Recenzje RX 9070 XT; dobra wydajność za rozsądne pieniądze
W sieci pojawiły się recenzje RX-ów 9070 i 9070 XT. Wynika z nich, że zgodnie z zapewnieniami AMD, karty są w stanie rywalizować z RTX-ami 5070 i 5070 Ti.

Już jutro na rynku zadebiutować mają RX-y 9070 i 9070 XT. Gracze mają wobec nich wysokie oczekiwania, wyśrubowane przez niedawną prezentację. Czy jednak karty zdołają im podołać? W odpowiedzi na to pytanie mogą pomóc opublikowane dzisiaj recenzje. Wynika z nich, że nadchodzące karty faktycznie mogą konkurować z układami ze średniej półki od Nvidii. Jednak ich udany debiut zależy głównie od dostępności i ceny.

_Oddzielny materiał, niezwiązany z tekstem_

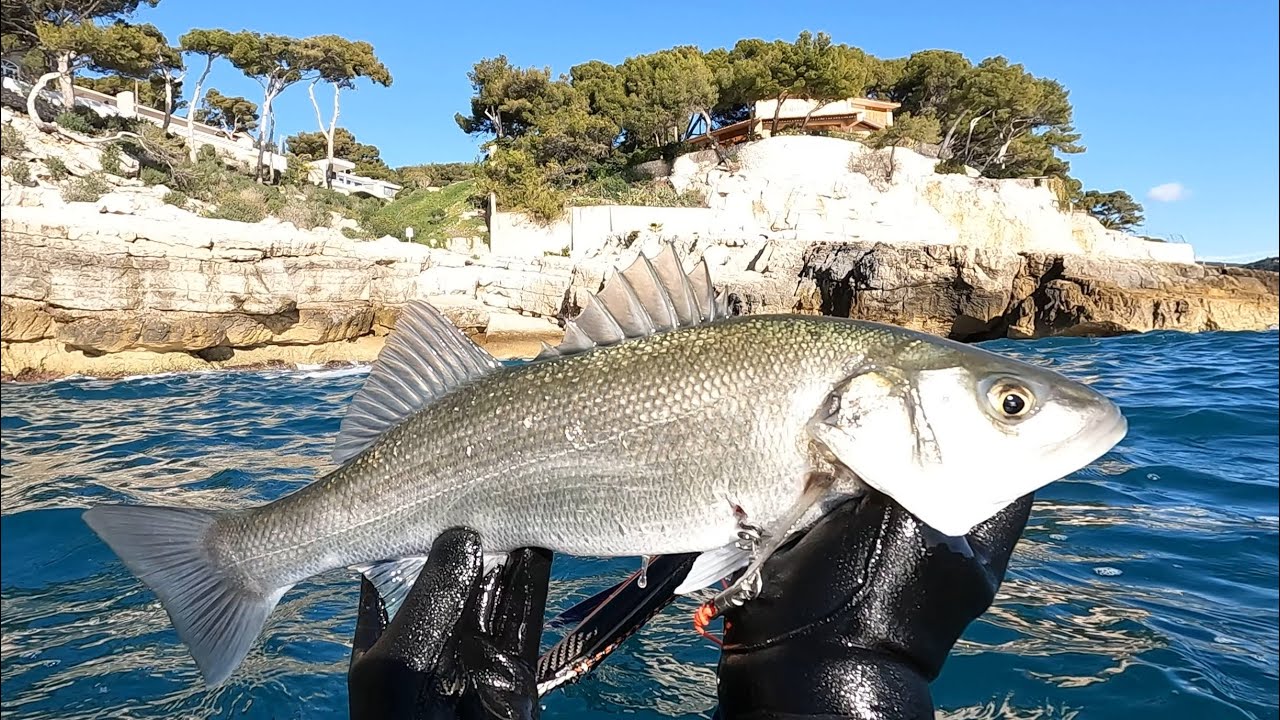 Chasse sous marine Hiver 2025/2026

Wydajność nadchodzących RX-ów
Jeśli chodzi o czystą wydajność, to nie można nic zarzucić nowym kartom od AMD. Mocniejszy RX 9070 XT, zgodnie z zapewnieniami AMD oferuje moc obliczeniową na poziomie RTX 5070 Ti. Miłym zaskoczeniem dla recenzentów okazał się słabszy RX 9070. W teorii miał on konkurować bezpośrednio z RTX-em 5070. Jednak testy wykazują, że jest on od niego o około 17% mocniejszy. Najlepiej różnice w wydajności będzie można porównać na podstawie gier. Poniżej możecie zobaczyć przykładowe wyniki uzyskane przez karty w Cyberpunku 2077, który bardziej lubi karty „zielonych” i Hogwarts Legacy preferującym układy „czerwonych”.

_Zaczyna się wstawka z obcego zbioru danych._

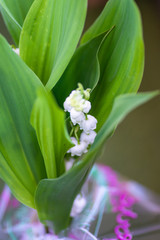 Muguet en fleurs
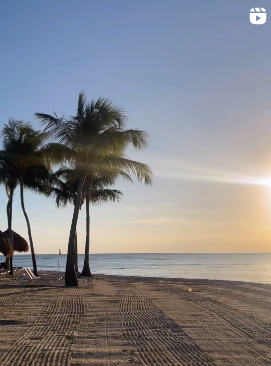 The Coda’s Collective – modern wedding and event planners in St. Louis and Melbourne, specializing in destination weddings, parties, and luxury event planning.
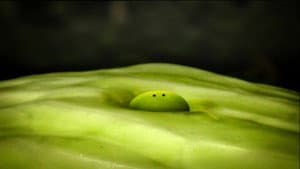 Lettuce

Warto przy okazji wspomnieć o pamięci. Oba układy od AMD posiadają 16 GB VRAM-u. W taką samą ilość został wyposażony RTX 5070 Ti, zaś standardowy model otrzymał do dyspozycji jedynie 12 GB. Z tego względu RX 9070 może dominować w wyższych rozdzielczościach nad RTX-em 5070.
Ray Tracing
Niestety nie wszystko jest idealne. Układy od AMD, pomimo korzystania z 3 generacji rdzeni odpowiedzialnych za śledzenie promieni, wciąż nie mogą osiągnąć wydajności oferowanej przez karty Nvidii. Różnicę możecie zobaczyć na podstawie wspomnianego wcześniej Cyberpunka 2077. Niemniej, recenzenci zaznaczają, że „czerwoni” poczynili znaczne postępy względem poprzedniej generacji Radeonów.
FSR 4 i generator klatek
Podobnie jest w przypadku technologii skalowania. Nowa wersja FSR ma zapewniać znacznie lepszą jakość obrazu względem FSR 3.1. Wciąż jednak nie może konkurować z DLSS 4. Większość recenzentów jest zgodna, że FSR 4 skupia się głównie na jakości grafiki. Nie należy więc oczekiwać znacznych wzrostów płynności w porównaniu do FSR 3.1. Ciekawe porównanie przygotował serwis The Verge. Można na nim łatwo zauważyć jak bardzo FSR 4, dominuje nad poprzednią wersją.
Zdaniem twórców, najsłabszym punktem omawianej technologii AMD jest mała liczba tytułów obsługujących ją.
Co warto zaznaczyć, AMD nie przygotowało żadnej odpowiedzi na Multi Frame Generation dostępny na kartach Nvidii. Nie należy więc oczekiwać, że układy „czerwonych” zaoferują podobną płynność jak ich konkurencji podczas korzystania z generatora klatek.
Wnioski
Pomimo kilku wad, większość recenzentów przyznała, że układy od AMD zrobiły na nich dobre wrażenie. Twórcy szczególnie chwalili wzrost czystej wydajności oraz cenę. Nie ma się przy tym co dziwić. Konkurencyjne układy ze średniej półki od Nvidii nie oferują znacznej poprawy względem swoich poprzedników. Dodatkowo obecnie są bardzo trudne do dostania. Jeśli więc AMD uda się dostarczyć na rynek wystarczającą liczbę układów to może się okazać, że wielu graczy skusi się na ich karty, zamiast czekać na niepewne dostawy RTX-ów.